The highest turnout in the 15 October referendum was recorded in the northern Kurdish province of Arbil, at 90%. The lowest was in the Sunni Arab province of al-Anbar, a hotbed of Iraq‘s 30-month-old anti-US violence, at 32%.
But Sunni Arabs participated in much larger numbers than in January, when most of them boycotted the vote.

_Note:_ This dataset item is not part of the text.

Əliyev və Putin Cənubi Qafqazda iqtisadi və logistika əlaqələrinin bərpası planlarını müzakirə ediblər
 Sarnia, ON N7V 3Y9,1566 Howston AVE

Only 2% of al-Anbar’s registered voters cast ballots in January.
Another Sunni Arab majority province, Salah al-Din in central Iraq, saw the second highest turnout last weekend, with 88%, said Farid Ayar, a senior member of the Independent Electoral Commission of Iraq, on Friday.
Salah al-Din includes Saddam Hussein’s hometown of Tikrit and the anti-US strongholds of Samarra, Balad and Baiji.
Al-Anbar, which stretches for hundreds of miles west and northwest of Baghdad, includes other anti-US bastions such as Ramadi, al-Qaim and Haditha.
Turnout in Baghdad, a city of an estimated six million people, was 56%, said Ayar.
The official results of the vote
Across the country, 9,775,000 people cast ballots.
The official results of Saturday’s referendum are expected to be announced next week, a delay caused by the need to audit results from several provinces that commission officials said showed an unexpectedly high number of yes votes.
Initial figures leaked by electoral officials suggested the yes vote won in 16 of Iraq‘s 18 provinces, with a vast majority in Salah al-Din and al-Anbar voting no.
That would mean the constitution’s passage, but it is not known how the audit will affect the final figures.
Turnout for January’s vote was estimated at about 60%.
Iraqis will return to the polls on 15 December in a general election to be held regardless of the result of Saturday’s referendum.
If the charter is adopted, the December election will produce a full-term parliament.
If it is rejected, the vote will be for another interim chamber that will attempt again to draft a constitution.